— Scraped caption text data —
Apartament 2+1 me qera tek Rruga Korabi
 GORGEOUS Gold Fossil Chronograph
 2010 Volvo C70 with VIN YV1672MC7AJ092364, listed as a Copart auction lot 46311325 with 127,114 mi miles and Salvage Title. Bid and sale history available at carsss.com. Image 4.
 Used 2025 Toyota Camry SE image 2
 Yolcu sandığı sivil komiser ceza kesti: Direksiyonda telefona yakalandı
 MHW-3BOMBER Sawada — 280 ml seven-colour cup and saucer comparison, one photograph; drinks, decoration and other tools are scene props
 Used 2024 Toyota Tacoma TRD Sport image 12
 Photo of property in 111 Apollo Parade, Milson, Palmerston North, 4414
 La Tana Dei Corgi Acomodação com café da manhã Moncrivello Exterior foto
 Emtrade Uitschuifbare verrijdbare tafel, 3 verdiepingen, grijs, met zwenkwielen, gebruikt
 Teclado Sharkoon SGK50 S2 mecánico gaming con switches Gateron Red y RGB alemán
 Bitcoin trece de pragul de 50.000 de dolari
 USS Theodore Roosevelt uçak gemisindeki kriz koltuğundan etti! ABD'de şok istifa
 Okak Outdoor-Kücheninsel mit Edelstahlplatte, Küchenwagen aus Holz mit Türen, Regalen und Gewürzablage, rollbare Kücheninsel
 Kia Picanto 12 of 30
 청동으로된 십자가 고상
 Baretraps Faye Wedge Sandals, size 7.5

— Task objective —
Return verbatim each line from the one that mentions "Emtrade Uitschuifbare verrijdbare" to the end of the entries, inclusive.

— Response area —
 Emtrade Uitschuifbare verrijdbare tafel, 3 verdiepingen, grijs, met zwenkwielen, gebruikt
 Teclado Sharkoon SGK50 S2 mecánico gaming con switches Gateron Red y RGB alemán
 Bitcoin trece de pragul de 50.000 de dolari
 USS Theodore Roosevelt uçak gemisindeki kriz koltuğundan etti! ABD'de şok istifa
 Okak Outdoor-Kücheninsel mit Edelstahlplatte, Küchenwagen aus Holz mit Türen, Regalen und Gewürzablage, rollbare Kücheninsel
 Kia Picanto 12 of 30
 청동으로된 십자가 고상
 Baretraps Faye Wedge Sandals, size 7.5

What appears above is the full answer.